The federal government is a fan of Bee Corp’s work; this January, it received a National Science Foundation grant to research hardware and software solutions for honeybee diseases. Symes hopes their eventual suite of detection software can be routed through a single physical sensor.
The question, though, is do the bee businesses want Bee Corp’s help? David Tarpy, a queen-bee researcher at North Carolina State University, has seen different beekeeper tech business come and go. While it seems like Bee Corp’s wide GPS range would be appealing, he’s noticed that beekeepers are mostly indifferent to monitors, no matter the features. The “technology” they do like is old—the preferred hive designs were patented in the 1850s. “We’re literally still processing beekeeping with 19th century technology,” says Tarpy. Most commercial beekeepers would like to keep it that way.
“I think a lot of beekeepers including myself are old school, and don’t really want to put tech into our beehives,” says Mike Tolmachoff, the current California State Beekeepers Association president, and owner of 900 commercial crop-pollination hives. Tolmachoff has been robbed multiple times, as have many of his colleagues.
Even so, beekeepers generally trust that labeling their hives is sufficient to ward off potential thieves. Tolmachoff buys and sells hives often, so he stencils his insignia onto the sides so they are immediately recognizable. Other beekeepers will go a step further, engraving their names into the sides of their hives. But a thief can easily paint over Tolmachoff’s label, and experienced bee snatchers know to chip off engraved names they encounter, as well. A few of Tolmachoff’s beekeeper friends have installed 24/7 cameras, but “some are like me and just put beehives out and hope for the best,” he says. “I’m very vulnerable out there.”

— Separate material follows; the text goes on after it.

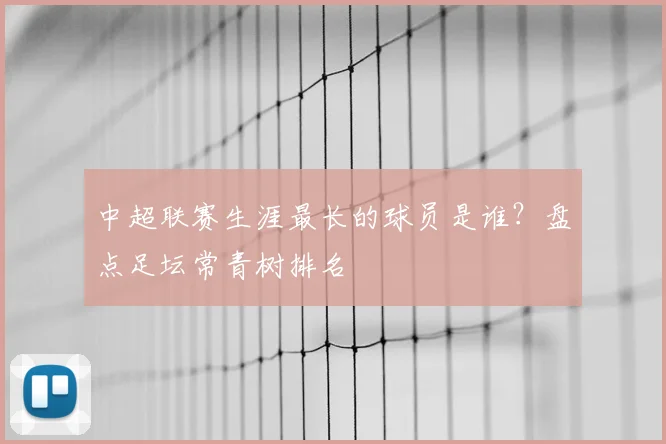 中超联赛生涯最长的球员是谁？盘点足坛常青树排名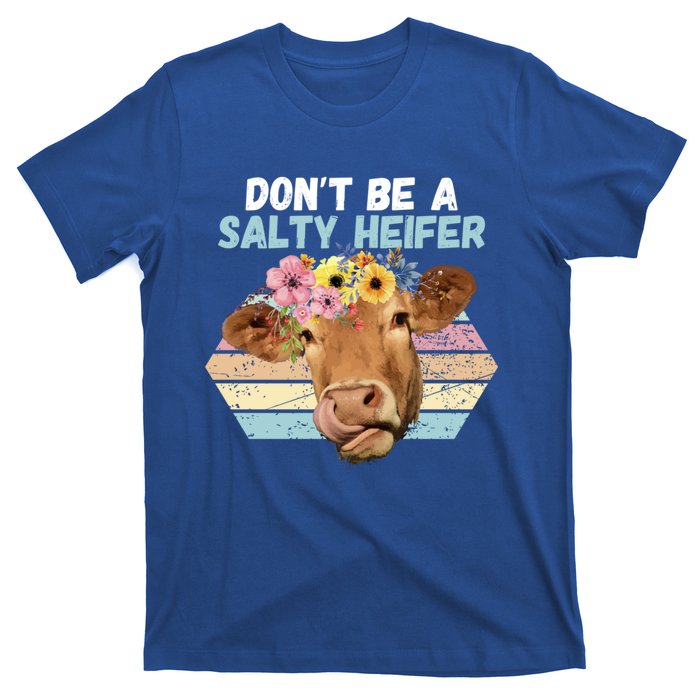 Vintage Farm Humour DonT Be A Salty Heifer Gift Idea Gift T-Shirt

“We’re literally still processing beekeeping with 19th century technology.” Tolmachoff chooses risk over tech because most tracking options make his highly-mobile business more difficult. Commercial beekeepers truck their bees around the nation to meet every crop’s pollinating period, so unless a monitoring system is portable, it’s not going to be particularly useful. At each new location, the beekeepers need to reassemble their hives on pallets dispersed throughout the acres, in layouts that depend on the grower’s requirements.
Since Tolmachoff’s hives are always shifting in relation to one another, he’d need a sensor for each of his 900 hives. Bee Corp charges $100 per sensor a year. That’s not financially sustainable. Other bee-tracking startups would charge $400 a year for a fleet the size of Tolmachoff’s, but their positioning data is less precise and not as useful for immediate theft detection.
Theft is unpredictable, says Tolmachoff, and the idea of sometimes spending more on security than it’s worth is off-putting. And of course, the investment is useless if a thief knows what to look for, and simply rips off a sensor off a hive, leaves the tracking device behind and escapes with the honey-maker, invisible to technology’s eyes.
Even with this list of hesitations, Tolmachoff knows he’ll probably buy into a program like Bee Corp’s eventually. Each hive costs $300, but he loses $300 per hive that doesn’t pollinate fields or provide honey. In addition, says Tolmachoff, getting robbed is emotionally disturbing. “You get that deep down gut feeling of ‘I’m vulnerable, someone stole from me.’”
In 2017, US beekeepers earned $171 per hive for almonds, and growers rented out 1.5 million colonies for that one nut. Almonds are becoming more popular, and as beekeepers struggle to keep up with demand, the odds of a keeper nicking an extra hive from a colleague—it’s happened to Tolmachoff—grows, too. If Tolmachoff and other old-school beekeepers go for anti-theft monitors, it’s not going to be because they like what’s being sold. “We have to give into this tech,” admits Tolmachoff. “We almost don’t have a choice.”